I suppose hopeless romantic is always the go-to phrase as to how I’d like to describe myself. There are so many more complexities than that, of course. It’s hard for me to accept at times that I’m the villain in some stories. I’ve always strived to be everyone’s friend. It’s only in recent years that I’ve come to realize how impossible that is, despite being told at so many stops along the way that it is indeed impossible.
There are some people who will just not like you, and that decision is entirely up to them. The only thing one can do is hope that they make an informed decision based on the evidence given to them. I always want it to be evident that I am a good person and I believe I am a good person, despite some of my actions causing pain. Sometimes that’s unavoidable causing pain but it doesn’t have to define me.
I call myself a hopeless romantic in that I have nothing but hope, it’s a little oxymoronic I suppose. I hold out hope in so many situations and kind of like the band playing the last songs on the Titanic, I try to provide a smile even as my ship sinks. I have learned now that I don’t have to keep playing if I have the ability to patch my own holes. The ship can be more important than the song.

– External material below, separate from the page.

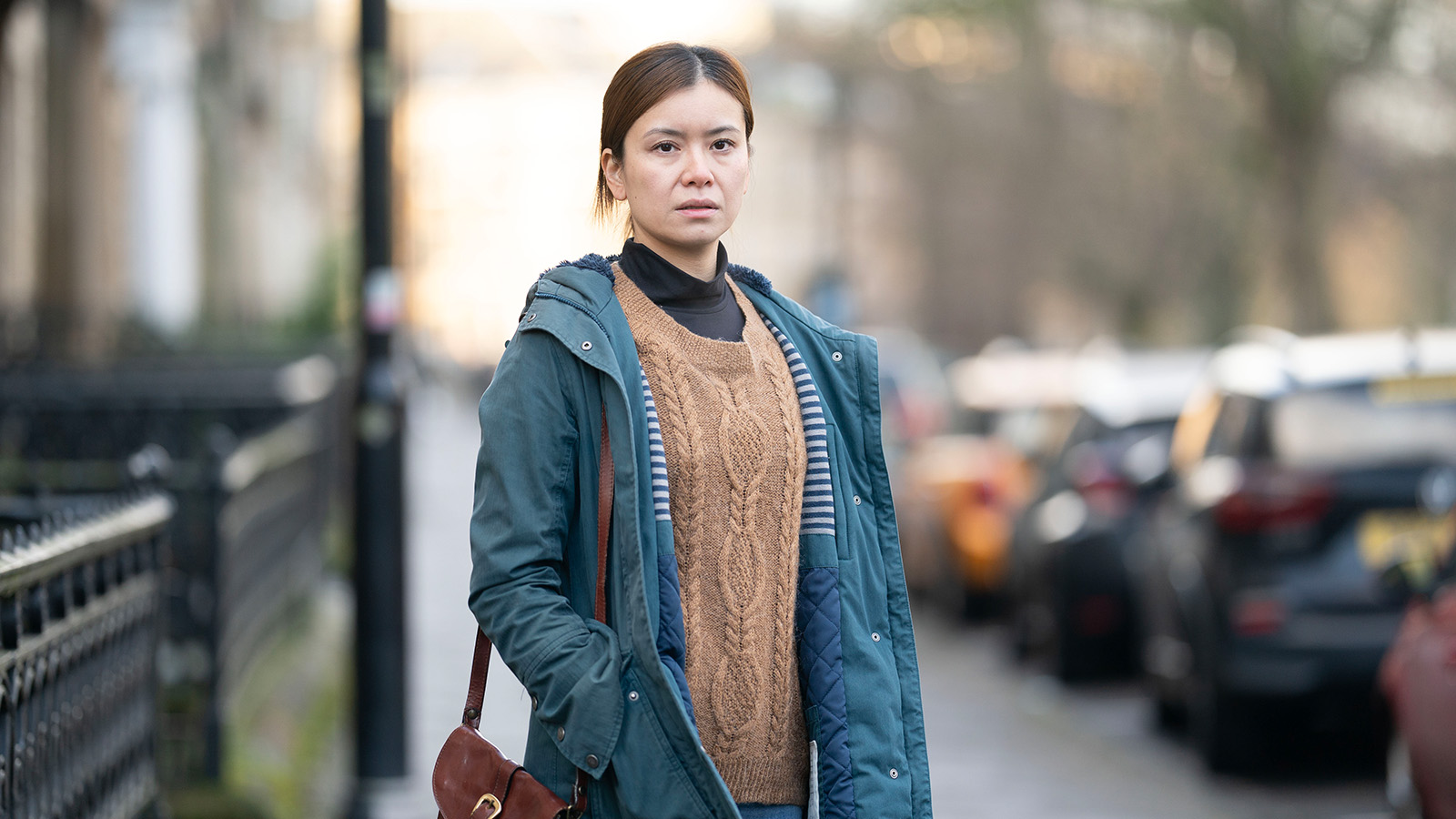 A woman (Katie Leung) stands on a city street, wearing a blue jacket over a brown sweater. She has a serious expression and a cross-body bag. Parked cars line the blurred background.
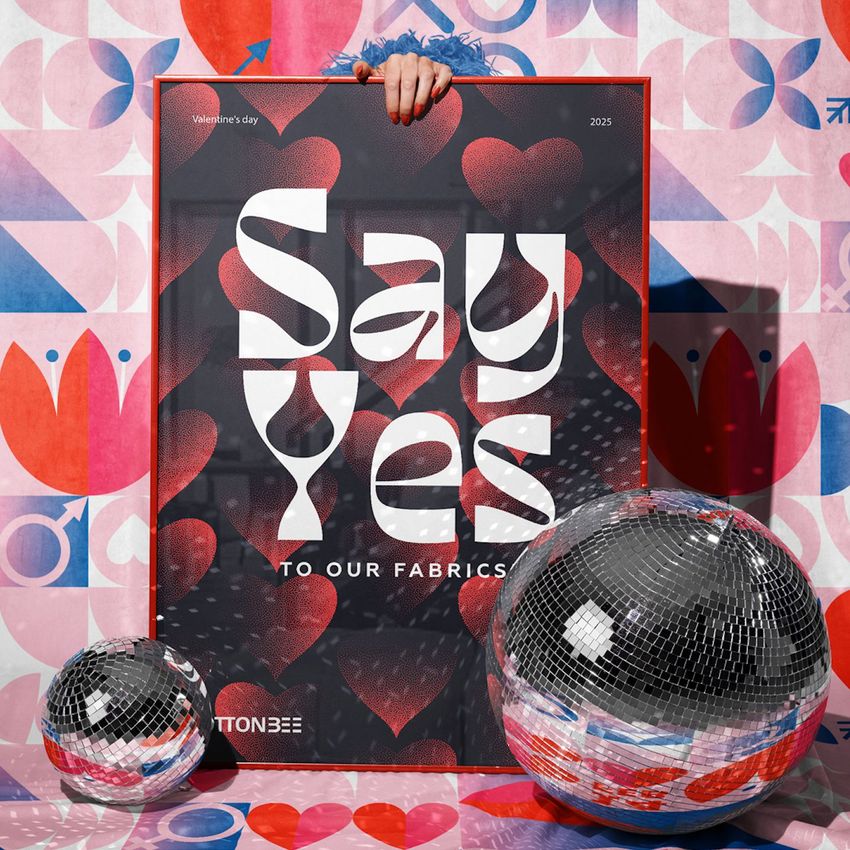 Poster mockup in a picture frame with bold white text and heart graphics, held by a hand against a colorful floral wall. Two disco balls are placed in front.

I’m at a crossroads in my life, that’s mostly why I write this. So many chapters that I thought were forever stories are actually coming to an end. And new, terrifying, beautiful things are on my immediate horizon, and I am trying to somehow reconcile all of that.
I want to get my feelings out, holding them inside of me is what has killed a lot of beautiful things in my life and that’s not fair to myself or the ones that I love who are around me. So I’m grateful for the chance to express, and it’s not without some courage to do so.
But I know now that I have strength and courage to better myself. It never left me, I just had to be reminded. I know that self-care doesn’t mean selfish.
I know now that some pain is unavoidable, and that some stories will find you villainous while others find you a relatable foil.
I know now that lessons learned late are still good lessons. They just hurt a little more.